Karen knows firsthand just how important it is to feel safe, comfortable, and supported in a college environment. After her first college experience was not all that she had hoped for, Karen decided to transfer to Merrimack during her sophomore year. “There was a sense of community that I liked. It was smaller than where I had been, the people were friendlier, and it was just a better overall fit,” explained Karen. “I was more easily able to get involved. I volunteered as a class officer, a math center tutor, and I helped lead the Merrimack Outreach Experience (M.O.R.E.) retreat through the campus ministry.”
“I have so many great memories of Merrimack. It’s where I developed into an empowered young woman. I felt heard and cared about,” said Karen.
Light in the Darkness
In 2013 Karen became reacquainted with Merrimack through her niece, Lauren, a freshman at the time. Impressed by all the campus and curricular improvements, Karen had been thinking deeply about how to get more involved philanthropically. “Merrimack is deeply respectful of the giving process – they really value the importance of helping donors discern the right giving match,” explained Karen.
In the fall of 2014 that match became clear to Karen. “I had learned through my niece that there had been a suicide on campus. I immediately reached out to Ryan, my contact in the development office. I shared that I wanted my giving to help prevent this type of tragedy from happening again and ensure students were getting supported in the right ways,” said Karen. “Merrimack quickly pulled together a meeting between myself and several key faculty members and we brainstormed for a couple of hours – it was truly inspirational. Out of that meeting the idea for the wellness fund was born.”

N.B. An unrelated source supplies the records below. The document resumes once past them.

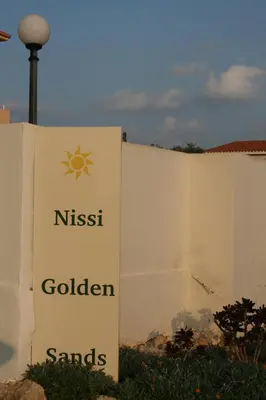 a sign for a nissin global sanders sign at Nissi Villa in Ayia Napa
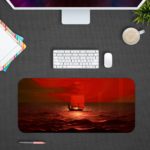 Infidu desk pad featuring a small boat on a red ocean under a red sky, capturing a serene sunrise or sunset scene. Design Kept on a computer table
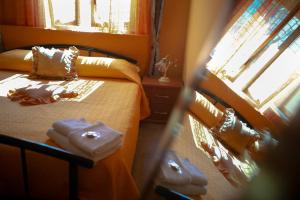 Postel nebo postele na pokoji v ubytování B&B Armonia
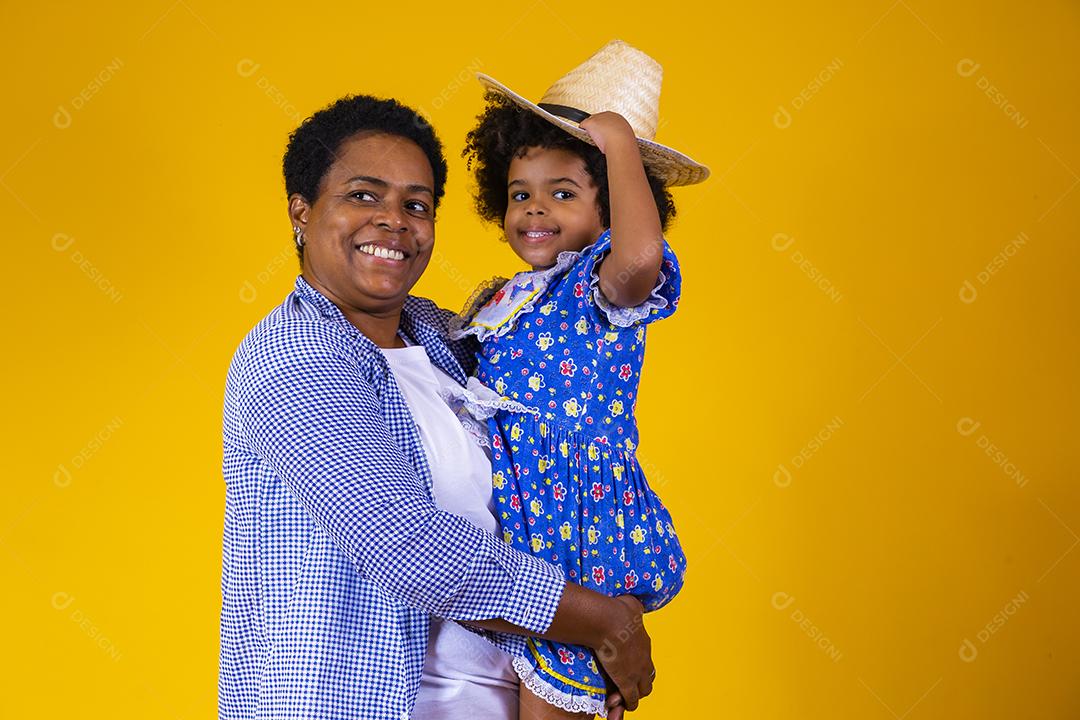 Afro mãe e filha vestidas para festa junina.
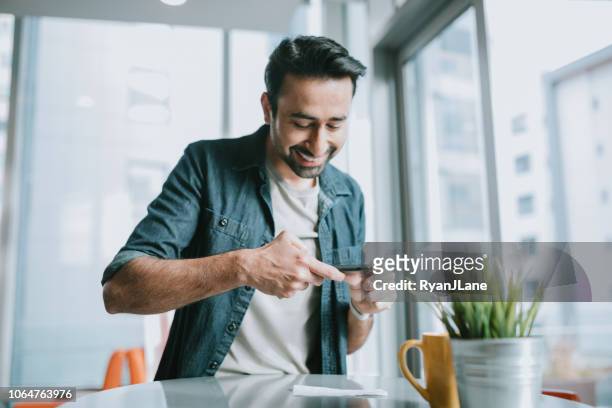 adult man depositing check with smartphone - portable information device stock pictures, royalty-free photos & images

The McCarthy Student Wellness Fund enabled the creation of the Office of Wellness Education (OWE), whose mission is to promote a campus culture in which every student has the support, education, opportunities, and encouragement to prioritize their health and wellness. From increasing awareness of mental health, suicide, and substance abuse concerns to helping identify at-risk students, the office is actively involved in facilitating healthier behavior on campus. “The goal is for students to begin to understand and embrace the six dimensions of wellness: spiritual, occupational, social, intellectual, physical, and emotional,” explained Karen.
Wellness Educator Erin Kaminski M’15 and her two graduate fellows work hands on to help students learn healthy coping mechanisms and reduce harmful behaviors like binge drinking. By working to reduce the stigma around seeking counseling, Erin and her team also help ensure Merrimack students get the professional assistance they need. “To connect with students, OWE hosts, for example, a “Love Your Body” week and a “Wellness” week. They even enlisted the Merrimack football team to give mood-boosting bear hugs at one of the events.”

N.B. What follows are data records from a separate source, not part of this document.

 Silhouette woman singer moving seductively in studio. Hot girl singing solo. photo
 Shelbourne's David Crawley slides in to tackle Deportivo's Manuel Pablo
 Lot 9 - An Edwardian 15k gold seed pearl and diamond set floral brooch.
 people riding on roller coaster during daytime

“In early 2017, the OWE opened a beautiful, new space in the Sakowich Campus Center where students can not only meet with Erin, but they can also make a cup of tea, read an informational pamphlet, enjoy some aromatherapy, or access a meditation seminar on an iPad,” said Karen. “It’s just a calming, happy, peaceful place for students to unwind.”
OWE also empowers students to help other students. Thanks to support from McCarthy, Merrimack offers a Certified Peer Educator Training that teaches students how to be effective listeners and how to respond and intervene in a crisis. These peer educators have become “change-makers” on campus and help empower their peers to adopt healthy lifestyles. “It’s one thing to have a couple of people on campus that you can talk to if you need assistance. But it’s a whole new ballgame if you equip an army of students with the right support tools and techniques, and they’re out there interacting with kids in class, at meals, and at parties,” said Karen.
A Brighter Future
As a member of the College Leadership Council, Karen is actively involved in leading engagement and philanthropic activities in the Merrimack community. When she thinks about the future, she envisions an integrated health and wellness center where all Merrimack students can access the resources they need to thrive. “I would like all students to understand what it means to have emotional wellbeing and be able to advocate for themselves,” she said.